Selanjutnya bersiaplah merapikan gaun atau rambut anda yang mungkin sudah kusut masai atau barangkali sekedar men-setup ulang wewangian anda yang sudah jauh berubah... he..he..
Ketiga, Fasilitas Kereta yang Buruk. Sejauh ini fasilitas kereta yang "dijual" oleh PT. KAI Commuter Jabodetabek adalah keberadaan mesin pendingin (AC). Fasilitas inilah yang konon menjadi diferensiasi produk dan menjadi "value" dibandingkan dengan KRL ekonomi (almarhum red.). Sayangnya fasilitas ini di beberapa rangkaian kereta generasi awal, sudah tidak berfungsi optimal. Di pagi hari pada saat udara masih sejuk keberadaannya cukup dirasakan, namun sangat berbeda ketika perjalanan pulang di sore hari berfungsi layaknya mesin pemanas, hanya meninggalkan bunyi bising dan menebar hawa panas dari atap kabin. So, apa bedanya dengan KRL ekonomi yang sudah dialmarhumkan itu?
Terkait dengan rangkaian kereta generasi awal yang konon didatangkan dari Jepang itu, isteri saya bercerita kalau temannya yang kebetulan mengajar di perguruan tinggi negeri di bilangan Depok bertemu dengan kolega seniornya dari Jepang yang sedang berkunjung ke kampusnya. Suatu ketika koleganya itu melihat rangkaian kereta yang kebetulan lewat di depan kampus tersebut lalu spontan seakan berteriak: "Lho...! Itu kan kereta yang aku naiki waktu aku kecil...!" Teman isteri saya hanya berucap: "Masa sih...?" Ngga salah lagi, dibadan kereta rupanya masih tertulis hurup kanji yang kira-kira menyatakan rute yang dijalani kereta itu ketika masih beroperasi di Jepang. Sudah terlalu rentakah untuk beroperasi secara layak?
Dari pengamatan saya, sesungguhnya PT. KAI dari sekitar tahun 2000-an sudah berupaya mengoperasikan rangkaian KRL hasil produksi lokal PT. INKA. Demikian halnya di kereta CL, beberapa rangkaian hasil produksi PT. INKA sudah memperkuat jajaran itu. Kali ini penampakan produk lokal tersebut sudah kian "mirip" dan relatif cukup modern dari sisi desain. Namun, lagi-lagi kwalitas produk tersebut membutuhkan ujian dan proses untuk sejajar dengan produk luar sebelumnya. Terbukti ketika saya menaiki kereta tersebut sewaktu hujan lebat di pertengahan Juli kemarin, di kabin saya dihebohkan banjir air hujan yang menyembur dengan sangat deras dari ventilasi mesin pendingin diatas atap. Hampir sepanjang perjalanan, kenyamanan penumpang terganggu ulah guyuran air hujan itu, dari informasi beberapa penumpang kejadian tersebut terjadi pula di kabin lainnya.

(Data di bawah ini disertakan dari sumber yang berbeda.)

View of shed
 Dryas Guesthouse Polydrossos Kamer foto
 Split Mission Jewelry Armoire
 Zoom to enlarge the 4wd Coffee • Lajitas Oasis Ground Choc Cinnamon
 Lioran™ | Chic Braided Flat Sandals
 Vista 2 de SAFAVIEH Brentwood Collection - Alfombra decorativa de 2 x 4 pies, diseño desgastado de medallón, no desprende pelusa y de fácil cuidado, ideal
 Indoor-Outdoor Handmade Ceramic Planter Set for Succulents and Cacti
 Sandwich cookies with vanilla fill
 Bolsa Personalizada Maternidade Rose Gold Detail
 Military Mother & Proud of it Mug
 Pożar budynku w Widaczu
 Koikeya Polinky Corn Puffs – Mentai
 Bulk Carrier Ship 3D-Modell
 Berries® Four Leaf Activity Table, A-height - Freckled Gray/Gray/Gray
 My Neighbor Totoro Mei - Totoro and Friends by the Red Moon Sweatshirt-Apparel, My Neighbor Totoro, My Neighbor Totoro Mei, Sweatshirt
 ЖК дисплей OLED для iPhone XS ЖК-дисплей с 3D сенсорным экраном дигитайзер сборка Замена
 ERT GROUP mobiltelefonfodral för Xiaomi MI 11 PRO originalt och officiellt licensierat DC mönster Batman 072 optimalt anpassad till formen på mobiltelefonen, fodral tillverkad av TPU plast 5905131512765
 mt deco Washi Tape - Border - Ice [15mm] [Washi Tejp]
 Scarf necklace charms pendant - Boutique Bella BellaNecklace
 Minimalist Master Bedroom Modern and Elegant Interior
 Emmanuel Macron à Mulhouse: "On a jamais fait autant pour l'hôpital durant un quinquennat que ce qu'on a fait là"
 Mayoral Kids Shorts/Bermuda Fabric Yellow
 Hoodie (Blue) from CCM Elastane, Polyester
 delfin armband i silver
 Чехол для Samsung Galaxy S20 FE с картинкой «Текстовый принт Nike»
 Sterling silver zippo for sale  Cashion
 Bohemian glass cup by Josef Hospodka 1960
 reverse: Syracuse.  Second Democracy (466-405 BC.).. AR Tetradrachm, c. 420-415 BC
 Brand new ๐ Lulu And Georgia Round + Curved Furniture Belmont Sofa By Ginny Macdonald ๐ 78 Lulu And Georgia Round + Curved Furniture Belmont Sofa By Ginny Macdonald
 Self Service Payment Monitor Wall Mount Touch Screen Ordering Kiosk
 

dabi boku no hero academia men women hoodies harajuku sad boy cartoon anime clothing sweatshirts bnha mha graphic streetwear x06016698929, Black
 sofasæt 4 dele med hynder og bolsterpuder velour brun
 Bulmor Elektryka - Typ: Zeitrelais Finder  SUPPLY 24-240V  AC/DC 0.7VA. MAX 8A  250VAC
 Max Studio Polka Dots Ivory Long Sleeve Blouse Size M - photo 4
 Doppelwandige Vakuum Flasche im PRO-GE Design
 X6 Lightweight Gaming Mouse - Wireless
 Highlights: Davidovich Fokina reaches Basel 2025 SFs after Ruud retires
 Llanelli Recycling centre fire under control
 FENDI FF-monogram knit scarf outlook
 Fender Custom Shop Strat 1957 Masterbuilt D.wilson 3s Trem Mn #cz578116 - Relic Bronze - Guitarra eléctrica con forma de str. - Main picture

Sementara pada kasus lainnya pintu otomatis terkadang membuka dan menutup sendiri secara berulang, dimana kereta sedang berjalan. Bayangkan jika ada penumpang yang sedang menyandar di pintu, tentu akan sangat membahayakan jiwa. Beberapa bagian lainnya seperti LCD yang terletak diatas pintu kabin juga hanya menjadi penghias tanpa terlihat berfungsi, bagian-bagian karet penyekat pintu otomatis dan penutup list atap kabin juga sudah tampak rusak dan terkelupas.
Suasana kabin MRT yang dioperasikan oleh SBS Transit di Singapura (foto: Adirahman)
Keempat, Fasilitas Stasiun yang Minimal. Kendati PT. KAI mulai berbenah diantaranya melalui sterilisasi stasiun dari okupasi pedagang dan pihak yang tidak berkepentingan, rasanya akselerasi dalam penambahan fasilitas stasiun perlu percepatan. Diantara yang mendesak adalah jumlah tempat duduk untuk menunggu yang layak dan memadai, peron yang nyaman dari gangguan hujan dan panas, konsistensi terhadap pelarangan keberadaan pedagang di kabin dan di peron, toilet umum yang manusiawi dan gratis tanpa syarat, serta parkir yang layak dengan luasan memadai.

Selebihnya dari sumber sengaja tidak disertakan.